Convergence and the Central Limit Theorem

The Power of Averaging

Why does the Gaussian distribution appear everywhere in nature and statistics? Why do sample means become reliable estimators as we collect more data? The answers lie in two fundamental theorems that connect sample statistics to population parameters.

These theorems justify nearly everything in statistical inference and machine learning — from MLE consistency to why stochastic gradient descent works.

Types of Convergence

Before stating the theorems, we need to understand what it means for a sequence of random variables to “converge.”

Convergence in Probability

A sequence $X_1, X_2, \ldots$ converges in probability to $X$ if:

$$\lim_{n \to \infty} P(|X_n - X| > \epsilon) = 0 \quad \text{for all } \epsilon > 0$$

Informally: the probability of $X_n$ being far from $X$ shrinks to zero. We write $X_n \xrightarrow{P} X$.

Almost Sure Convergence

A stronger notion: $X_n \xrightarrow{\text{a.s.}} X$ if:

$$P\left(\lim_{n \to \infty} X_n = X\right) = 1$$

The sequence converges with probability 1 — it’s not just that deviations become unlikely, they eventually stop happening entirely.

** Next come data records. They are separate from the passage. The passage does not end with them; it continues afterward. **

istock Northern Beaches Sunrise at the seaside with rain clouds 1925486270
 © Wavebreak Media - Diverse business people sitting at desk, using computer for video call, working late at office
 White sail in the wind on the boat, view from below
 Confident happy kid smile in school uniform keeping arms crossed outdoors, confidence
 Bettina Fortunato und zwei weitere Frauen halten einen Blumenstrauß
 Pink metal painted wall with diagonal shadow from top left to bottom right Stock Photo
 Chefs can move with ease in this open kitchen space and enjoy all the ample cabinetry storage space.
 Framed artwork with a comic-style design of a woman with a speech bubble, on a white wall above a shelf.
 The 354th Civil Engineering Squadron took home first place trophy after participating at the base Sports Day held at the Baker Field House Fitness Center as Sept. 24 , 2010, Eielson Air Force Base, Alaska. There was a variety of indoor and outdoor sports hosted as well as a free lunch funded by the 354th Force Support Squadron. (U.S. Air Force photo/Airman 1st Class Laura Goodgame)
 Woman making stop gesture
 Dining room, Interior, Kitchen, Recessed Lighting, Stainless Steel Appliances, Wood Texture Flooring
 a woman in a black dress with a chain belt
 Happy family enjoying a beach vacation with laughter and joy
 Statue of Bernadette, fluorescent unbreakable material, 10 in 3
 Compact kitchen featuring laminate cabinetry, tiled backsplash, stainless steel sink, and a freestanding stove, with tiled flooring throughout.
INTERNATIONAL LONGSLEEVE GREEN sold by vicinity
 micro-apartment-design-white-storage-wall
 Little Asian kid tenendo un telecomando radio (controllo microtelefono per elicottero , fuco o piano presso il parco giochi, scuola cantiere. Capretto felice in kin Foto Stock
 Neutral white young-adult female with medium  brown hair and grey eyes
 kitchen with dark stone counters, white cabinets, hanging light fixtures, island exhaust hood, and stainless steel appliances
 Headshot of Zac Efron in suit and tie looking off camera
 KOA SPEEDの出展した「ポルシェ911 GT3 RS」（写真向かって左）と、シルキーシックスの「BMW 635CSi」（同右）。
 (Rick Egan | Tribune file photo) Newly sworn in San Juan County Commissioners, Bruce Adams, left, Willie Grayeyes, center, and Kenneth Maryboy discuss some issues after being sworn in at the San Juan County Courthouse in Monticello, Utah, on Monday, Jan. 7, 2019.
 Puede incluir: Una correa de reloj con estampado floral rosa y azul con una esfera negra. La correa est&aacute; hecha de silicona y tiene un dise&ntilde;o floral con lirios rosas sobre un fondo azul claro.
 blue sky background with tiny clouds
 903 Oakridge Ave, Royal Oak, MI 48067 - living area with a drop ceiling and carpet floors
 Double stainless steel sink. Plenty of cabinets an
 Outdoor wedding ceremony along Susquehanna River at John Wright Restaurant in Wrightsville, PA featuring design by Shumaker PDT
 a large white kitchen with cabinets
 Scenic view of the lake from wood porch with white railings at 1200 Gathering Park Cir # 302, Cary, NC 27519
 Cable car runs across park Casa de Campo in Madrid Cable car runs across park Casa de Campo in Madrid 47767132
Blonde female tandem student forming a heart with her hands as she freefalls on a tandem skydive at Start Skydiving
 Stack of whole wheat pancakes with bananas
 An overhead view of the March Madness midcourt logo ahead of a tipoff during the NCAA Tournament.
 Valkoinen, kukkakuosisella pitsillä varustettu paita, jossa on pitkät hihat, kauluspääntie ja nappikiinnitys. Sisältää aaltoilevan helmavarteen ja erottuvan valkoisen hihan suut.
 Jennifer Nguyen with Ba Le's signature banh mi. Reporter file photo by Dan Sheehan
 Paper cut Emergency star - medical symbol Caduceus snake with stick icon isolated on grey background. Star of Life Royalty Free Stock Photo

Convergence in Distribution

The weakest notion: $X_n \xrightarrow{d} X$ if the cumulative distribution functions converge:

$$\lim_{n \to \infty} F_{X_n}(x) = F_X(x) \quad \text{at all continuity points of } F_X$$

The shape of the distribution converges, but individual realizations need not.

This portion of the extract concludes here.